Theres not much to it as far as appearance goes. High quality power ground wires.. No remote wire for turn on. Has both stereo RCA output, and optical toslink output.

Very easy to integrate. connect power/ground, and the output, and thats it. Go to your audio player, into WiFi and select the unit with passcode. Thats it.

Noise is nonexistent using fiber. (VERY technical tests done here... My ear, placed at the speaker) No hiss what so ever.

Using the RCA outputs, (again VERY technical testing..) there was an audible hiss at the speaker. however 4" away, was no longer noticable.
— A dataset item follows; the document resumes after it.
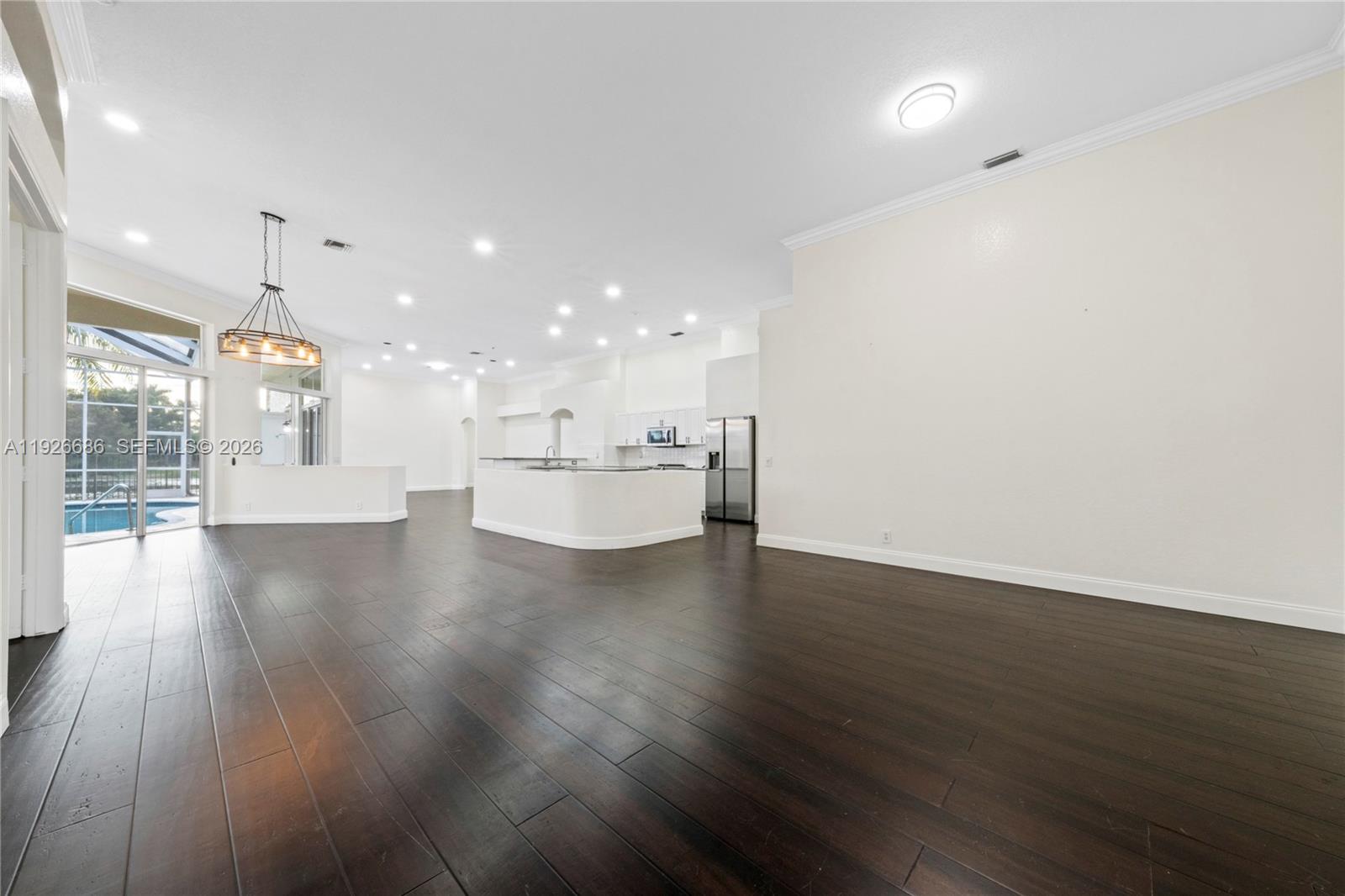 2893 Oakbrook Dr, Weston FL 33332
This is really a great little unit.


----------



## Mtgrooves (Dec 14, 2009)

Where did you get this box? It's not even on Focal's site. I'm very inerested in this!


----------



## matdotcom2000 (Aug 16, 2005)

First of all I need pictures else you aint got nothin.. Second how much?


----------



## jtaudioacc (Apr 6, 2010)

can you check if you can still get data while connected? like, if you are using an iphone, can you still get data? can you get text messages?
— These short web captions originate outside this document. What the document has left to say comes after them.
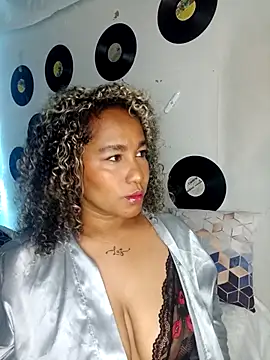 medusafox  online show from March 26, 4:29 am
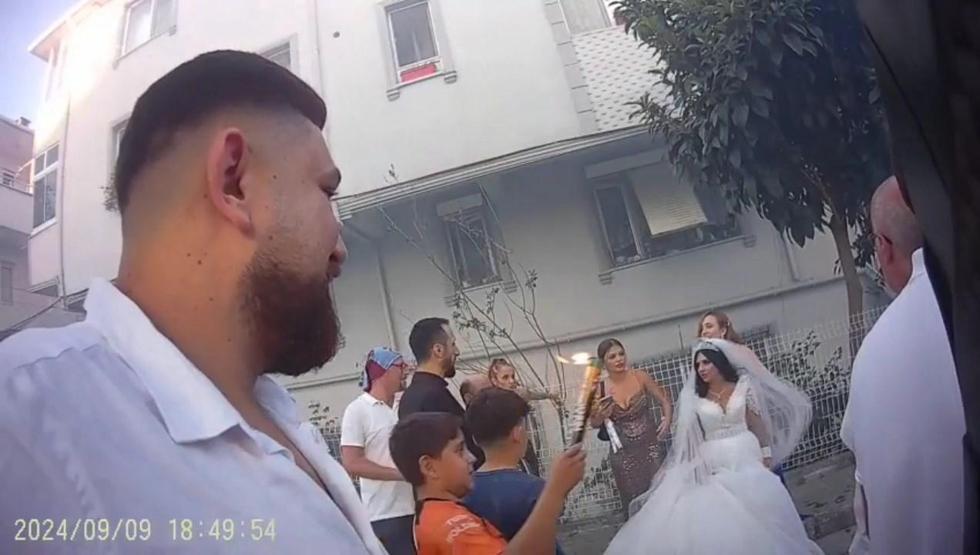 Düğün günü faciadan dönüldü Meşale gelinin duvağına düştü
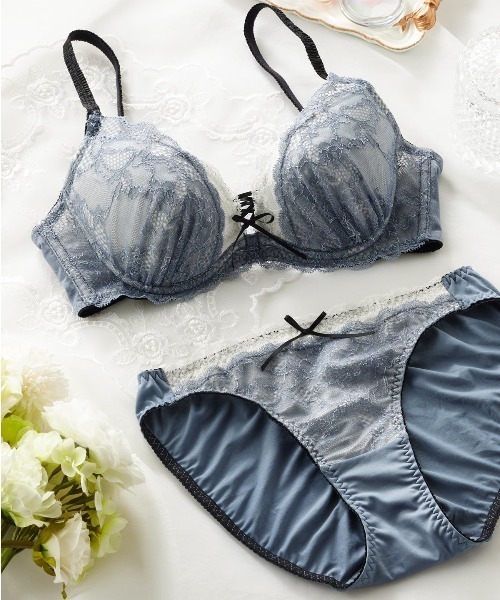 tutuanna（チュチュアンナ）の「ブラジャーショーツセット[感激のブラ・脇すっきり]グラシアナレースブラ&ショーツセット（ブラ&ショーツ・レディース・ピンク/グレー/ブラック/サックスブルー/スモークピンク/ブルー・B65/C70/A65/E70/B70/D65/C75/E75/A70/D70/C65/B75/E65/D75/A75）」の4枚目の写真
I believe other devices that connect wifi lose the data, just curious if this is the same.


----------



## t3sn4f2 (Jan 3, 2007)

And do you have to do anything else besides adding the wifi device. Do you have to select to have the audio go out wifi instead of the built in speaker. Do you have to do this once if you do and it default to that when you come in range again. Do you have to do it every time? How long does it take to box after power on. The Airport Express takes a whole minute to boot up.


----------



## bbfoto (Aug 28, 2005)

Bump. Would also like to know the answers to the above questions. 
Thanks!


----------



## EternalGraphics808 (Apr 28, 2009)

t3sn4f2 said:


> And do you have to do anything else besides adding the wifi device. Do you have to select to have the audio go out wifi instead of the built in speaker. Do you have to do this once if you do and it default to that when you come in range again. Do you have to do it every time? How long does it take to box after power on. The Airport Express takes a whole minute to boot up.


I haven't installed it into my car yet. Just been playing with it on the test bench. Seems to be real quick to turn on. Then once the Idevice catches, you just play. I do have to select the wifi audio each time. Doesn't seem to "remember" it. But I believe that's a limitation of the Idevice. 
And yes. Once you connect wifi to the ibox you lose all incoming/outgoing data. So no Internet of iPhone.


----------



## bbfoto (Aug 28, 2005)

Really appreciate the info!


----------



## jtaudioacc (Apr 6, 2010)

EternalGraphics808 said:


> I haven't installed it into my car yet. Just been playing with it on the test bench. Seems to be real quick to turn on. Then once the Idevice catches, you just play. I do have to select the wifi audio each time. Doesn't seem to "remember" it. But I believe that's a limitation of the Idevice.
> And yes. Once you connect wifi to the ibox you lose all incoming/outgoing data. So no Internet of iPhone.


that's a real bummer, but expected.


----------



## matdotcom2000 (Aug 16, 2005)

Still no pics???? come on dude we waiting


----------



## t3sn4f2 (Jan 3, 2007)

matdotcom2000 said:


> Still no pics???? come on dude we waiting


----------